La creazione di un oggetto tramite l’utilizzo delle proprie mani, materia contro materia, secondo Monica possiede una grande carica terapeutica: «Un oggetto di ceramica non “si fa e basta”: è un’attività istintiva. L’argilla entra in contatto con la tua persona, e nelle opere che crei è naturale che esterni qualcosa di te… Per esempio, ho spinto una ragazza che ha frequentato un mio corso a condensare le sue vicende nella creazione di un oggetto e, dopo averlo finito, s’è messa a piangere. L’arte ti permette di guardarti anche da fuori».I lavori di Monica si caratterizzano per la loro forma “informale”, per la sgranatura della ceramica e per l’evidenza del lavoro manuale: «Non ho ancora imparato a lavorare col tornio elettrico, e quindi le cose non possono avere una forma “perfetta”. Però è anche una cosa voluta – prende una tazza dalla superficie levigata – Secondo te, questa di chi è? Può essere di chiunque. Un oggetto creato con le tue mani, invece, è soltanto tuo. Nello “storto” c’è tanto di te, nel “perfetto” può esservi qualcosa di tutti – prende un’altra tazza, evidentemente maneggiata con le dita – Potrei rifinire questo oggetto, levigandolo fino a che non diventa liscio. Ma non fa per me».

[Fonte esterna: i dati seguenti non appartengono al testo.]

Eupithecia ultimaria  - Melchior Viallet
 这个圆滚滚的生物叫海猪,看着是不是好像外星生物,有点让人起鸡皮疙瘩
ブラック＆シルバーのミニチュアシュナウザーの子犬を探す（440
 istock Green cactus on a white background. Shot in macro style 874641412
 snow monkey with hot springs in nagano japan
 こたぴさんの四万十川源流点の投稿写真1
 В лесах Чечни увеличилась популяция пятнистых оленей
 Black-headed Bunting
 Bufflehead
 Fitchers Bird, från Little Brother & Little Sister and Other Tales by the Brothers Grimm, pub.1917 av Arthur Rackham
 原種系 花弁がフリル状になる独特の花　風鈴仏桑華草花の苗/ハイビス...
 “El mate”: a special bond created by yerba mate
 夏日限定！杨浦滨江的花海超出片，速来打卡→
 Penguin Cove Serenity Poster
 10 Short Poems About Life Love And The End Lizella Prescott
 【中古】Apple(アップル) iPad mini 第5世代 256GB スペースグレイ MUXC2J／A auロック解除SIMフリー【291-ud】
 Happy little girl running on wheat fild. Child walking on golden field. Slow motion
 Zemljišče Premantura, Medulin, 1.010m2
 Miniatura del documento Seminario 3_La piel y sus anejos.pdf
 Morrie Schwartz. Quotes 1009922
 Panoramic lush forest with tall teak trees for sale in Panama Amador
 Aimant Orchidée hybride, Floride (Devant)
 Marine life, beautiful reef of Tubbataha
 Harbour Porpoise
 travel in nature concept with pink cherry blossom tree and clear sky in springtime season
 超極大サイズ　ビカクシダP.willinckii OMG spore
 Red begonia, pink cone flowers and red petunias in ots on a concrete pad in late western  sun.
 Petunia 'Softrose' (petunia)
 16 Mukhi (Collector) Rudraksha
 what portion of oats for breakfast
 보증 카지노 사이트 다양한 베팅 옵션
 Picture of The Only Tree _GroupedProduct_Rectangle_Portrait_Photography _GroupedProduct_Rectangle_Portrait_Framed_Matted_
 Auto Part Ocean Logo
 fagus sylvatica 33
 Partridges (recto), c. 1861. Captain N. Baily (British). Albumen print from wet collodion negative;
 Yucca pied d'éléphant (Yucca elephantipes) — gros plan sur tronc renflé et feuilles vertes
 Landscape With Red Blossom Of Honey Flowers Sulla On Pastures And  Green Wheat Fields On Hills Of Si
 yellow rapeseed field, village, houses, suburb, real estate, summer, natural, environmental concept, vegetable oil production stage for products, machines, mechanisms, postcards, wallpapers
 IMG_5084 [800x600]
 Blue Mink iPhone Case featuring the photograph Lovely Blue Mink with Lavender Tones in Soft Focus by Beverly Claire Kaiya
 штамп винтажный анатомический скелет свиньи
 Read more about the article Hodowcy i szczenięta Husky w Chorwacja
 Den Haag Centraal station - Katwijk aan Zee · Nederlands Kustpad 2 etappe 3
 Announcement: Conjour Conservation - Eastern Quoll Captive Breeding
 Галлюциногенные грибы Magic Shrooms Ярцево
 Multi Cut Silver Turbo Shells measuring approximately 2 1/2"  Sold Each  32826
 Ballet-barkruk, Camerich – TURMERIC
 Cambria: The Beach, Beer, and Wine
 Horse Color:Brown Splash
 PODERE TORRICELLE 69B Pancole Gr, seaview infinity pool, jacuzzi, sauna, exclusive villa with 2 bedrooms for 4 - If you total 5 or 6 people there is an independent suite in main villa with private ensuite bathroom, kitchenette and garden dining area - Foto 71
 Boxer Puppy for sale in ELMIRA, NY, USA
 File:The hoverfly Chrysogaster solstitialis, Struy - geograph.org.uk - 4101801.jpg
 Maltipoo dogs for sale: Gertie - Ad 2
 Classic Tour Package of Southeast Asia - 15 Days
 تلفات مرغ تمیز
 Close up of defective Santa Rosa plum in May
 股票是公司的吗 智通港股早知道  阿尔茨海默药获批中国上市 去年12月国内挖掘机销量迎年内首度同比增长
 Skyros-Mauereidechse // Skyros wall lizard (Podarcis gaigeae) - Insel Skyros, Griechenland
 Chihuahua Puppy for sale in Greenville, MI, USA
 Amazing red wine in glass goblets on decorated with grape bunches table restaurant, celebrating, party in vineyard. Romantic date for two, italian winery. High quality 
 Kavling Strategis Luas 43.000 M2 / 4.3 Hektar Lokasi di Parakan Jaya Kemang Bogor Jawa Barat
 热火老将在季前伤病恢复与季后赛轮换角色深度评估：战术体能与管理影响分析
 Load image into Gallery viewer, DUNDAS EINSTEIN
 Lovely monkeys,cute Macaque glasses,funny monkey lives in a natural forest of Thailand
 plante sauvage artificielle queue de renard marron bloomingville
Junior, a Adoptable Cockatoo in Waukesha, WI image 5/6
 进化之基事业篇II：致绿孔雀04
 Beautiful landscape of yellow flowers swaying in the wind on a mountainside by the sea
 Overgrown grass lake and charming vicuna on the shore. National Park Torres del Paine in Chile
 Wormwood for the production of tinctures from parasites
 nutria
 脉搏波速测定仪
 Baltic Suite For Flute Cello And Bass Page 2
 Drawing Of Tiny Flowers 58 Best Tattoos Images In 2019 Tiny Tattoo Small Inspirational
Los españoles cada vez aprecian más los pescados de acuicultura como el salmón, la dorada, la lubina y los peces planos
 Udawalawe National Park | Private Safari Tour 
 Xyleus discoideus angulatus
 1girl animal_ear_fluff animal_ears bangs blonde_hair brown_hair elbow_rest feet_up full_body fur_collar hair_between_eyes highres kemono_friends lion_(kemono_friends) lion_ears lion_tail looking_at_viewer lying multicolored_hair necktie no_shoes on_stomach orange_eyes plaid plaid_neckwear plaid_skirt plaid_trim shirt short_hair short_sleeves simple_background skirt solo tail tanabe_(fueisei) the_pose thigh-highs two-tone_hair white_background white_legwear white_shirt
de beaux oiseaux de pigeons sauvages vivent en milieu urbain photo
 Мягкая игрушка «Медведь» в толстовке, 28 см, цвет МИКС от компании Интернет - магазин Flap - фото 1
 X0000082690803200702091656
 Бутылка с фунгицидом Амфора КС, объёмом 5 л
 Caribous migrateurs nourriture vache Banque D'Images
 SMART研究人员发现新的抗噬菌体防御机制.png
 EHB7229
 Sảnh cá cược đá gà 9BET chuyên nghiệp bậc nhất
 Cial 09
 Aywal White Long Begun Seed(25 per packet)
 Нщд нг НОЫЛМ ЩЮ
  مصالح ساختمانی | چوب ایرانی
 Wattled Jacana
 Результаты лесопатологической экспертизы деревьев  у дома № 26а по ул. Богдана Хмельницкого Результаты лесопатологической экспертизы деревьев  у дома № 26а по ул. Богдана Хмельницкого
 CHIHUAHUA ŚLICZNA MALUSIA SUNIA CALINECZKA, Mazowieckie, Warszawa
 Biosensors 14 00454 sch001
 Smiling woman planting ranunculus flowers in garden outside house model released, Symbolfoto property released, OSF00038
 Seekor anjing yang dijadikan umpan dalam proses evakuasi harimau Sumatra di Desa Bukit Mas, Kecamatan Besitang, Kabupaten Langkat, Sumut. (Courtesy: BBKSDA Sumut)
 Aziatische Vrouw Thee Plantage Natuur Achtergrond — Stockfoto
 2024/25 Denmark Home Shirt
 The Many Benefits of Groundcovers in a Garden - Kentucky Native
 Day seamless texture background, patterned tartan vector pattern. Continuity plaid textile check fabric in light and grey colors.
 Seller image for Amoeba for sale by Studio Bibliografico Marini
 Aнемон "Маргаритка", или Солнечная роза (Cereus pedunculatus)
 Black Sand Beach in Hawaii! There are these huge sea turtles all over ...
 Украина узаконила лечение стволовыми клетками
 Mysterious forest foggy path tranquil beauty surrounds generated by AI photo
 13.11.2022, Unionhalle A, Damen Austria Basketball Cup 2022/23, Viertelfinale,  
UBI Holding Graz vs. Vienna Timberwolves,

Monica sostiene che se non fossero arrivati i ragazzi di Fiorivano le viole, lei sarebbe probabilmente ritornata nel suo Paese: «Abitavo e lavoravo in questo quartiere anni prima che venisse costituita l’associazione, e quello che ho visto è stato un cambiamento immenso. Hanno dato vita a questo posto, e continuano a farlo. Continuano ad affiggere quadri nuovi per la via, pure se li rubano tutti. Credono davvero alla possibilità di rendere bella questa città, e aiutano la gente a crederci a propria volta. Grazie a loro, le persone del quartiere adesso si conoscono e si sono annodati i “lacci sociali” – Monica usa quest’espressione, traducendola direttamente dal portoghese – e i legami affettivi. E questa è una cosa che non può più andar via».